* **SUPPLIED MATERIAL**
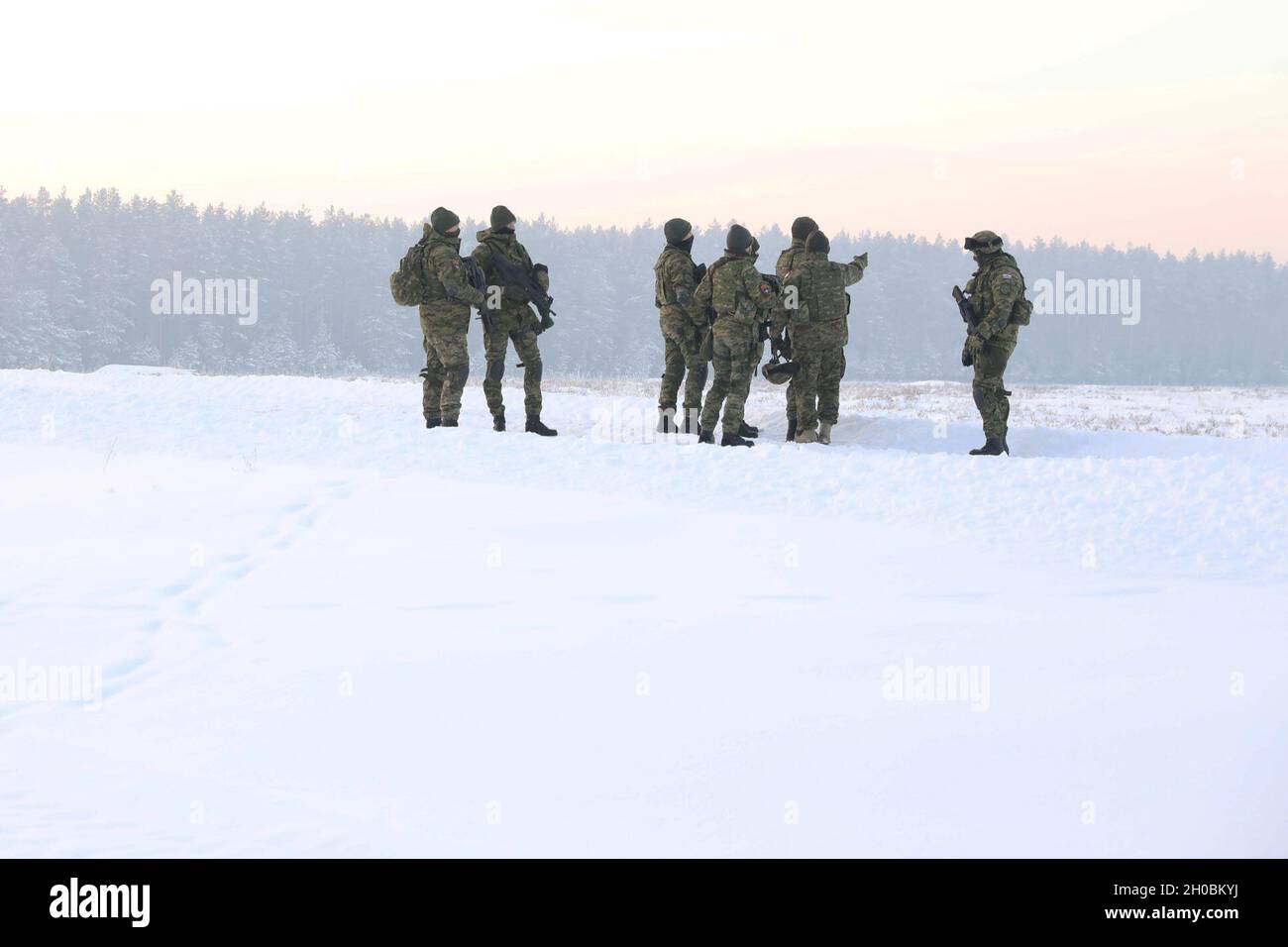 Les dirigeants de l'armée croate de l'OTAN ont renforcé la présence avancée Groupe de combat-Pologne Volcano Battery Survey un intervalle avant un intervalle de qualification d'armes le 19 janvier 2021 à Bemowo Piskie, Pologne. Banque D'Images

* * *

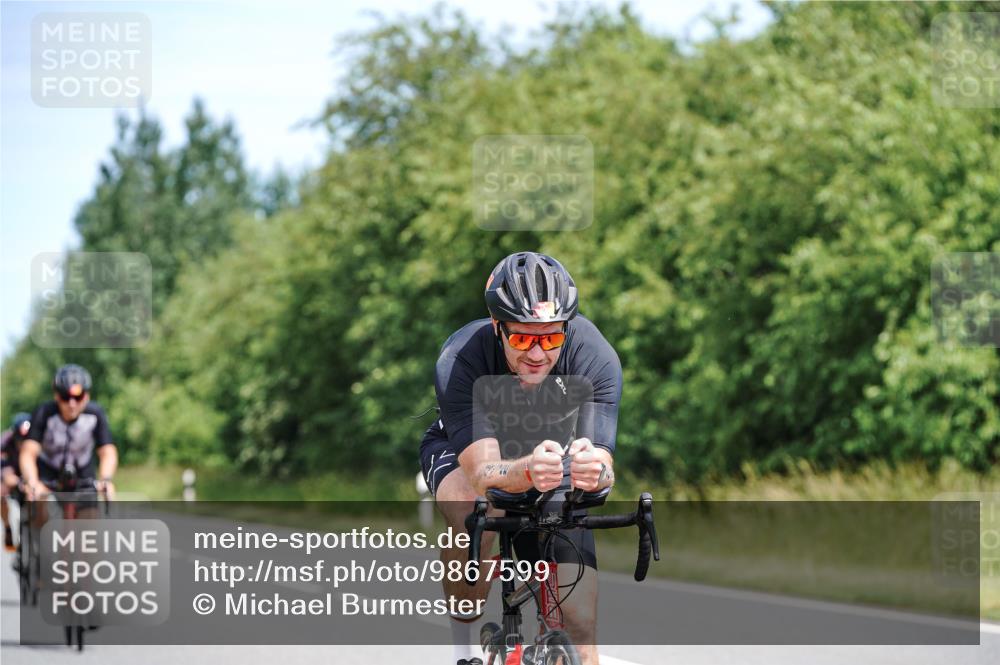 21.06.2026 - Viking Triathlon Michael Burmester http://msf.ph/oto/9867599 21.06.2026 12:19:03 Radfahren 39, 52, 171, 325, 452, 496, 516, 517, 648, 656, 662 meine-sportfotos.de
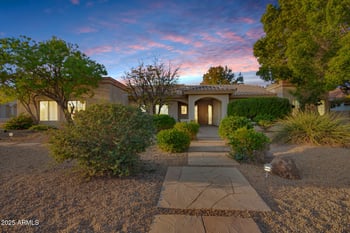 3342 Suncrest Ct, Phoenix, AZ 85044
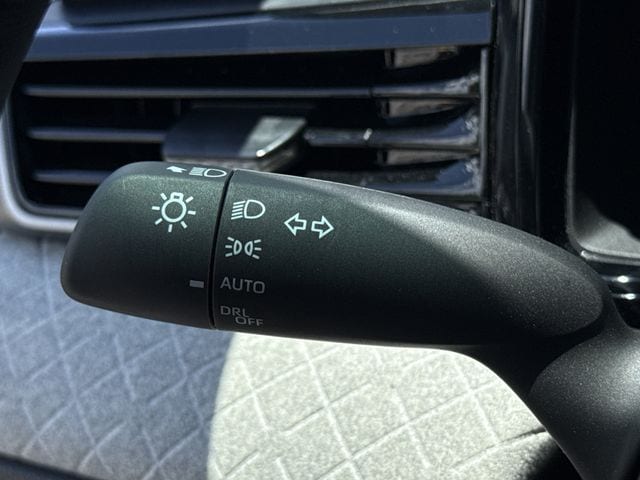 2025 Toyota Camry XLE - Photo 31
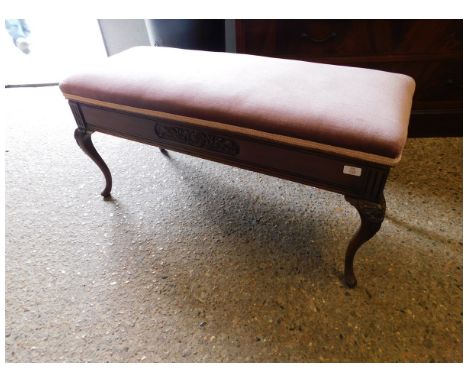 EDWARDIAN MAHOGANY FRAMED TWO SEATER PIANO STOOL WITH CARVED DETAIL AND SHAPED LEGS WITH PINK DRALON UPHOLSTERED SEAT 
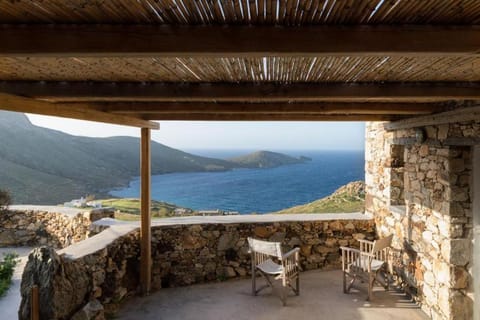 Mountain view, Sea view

* **WORK TO BE COMPLETED**
Set down word for word the lines above from the one with "2025 Toyota Camry XLE - Photo 31" up to and including the one with "Mountain view, Sea view". Omit every picture.

* **EXERCISE RESPONSE**
 2025 Toyota Camry XLE - Photo 31
 EDWARDIAN MAHOGANY FRAMED TWO SEATER PIANO STOOL WITH CARVED DETAIL AND SHAPED LEGS WITH PINK DRALON UPHOLSTERED SEAT 
 Mountain view, Sea view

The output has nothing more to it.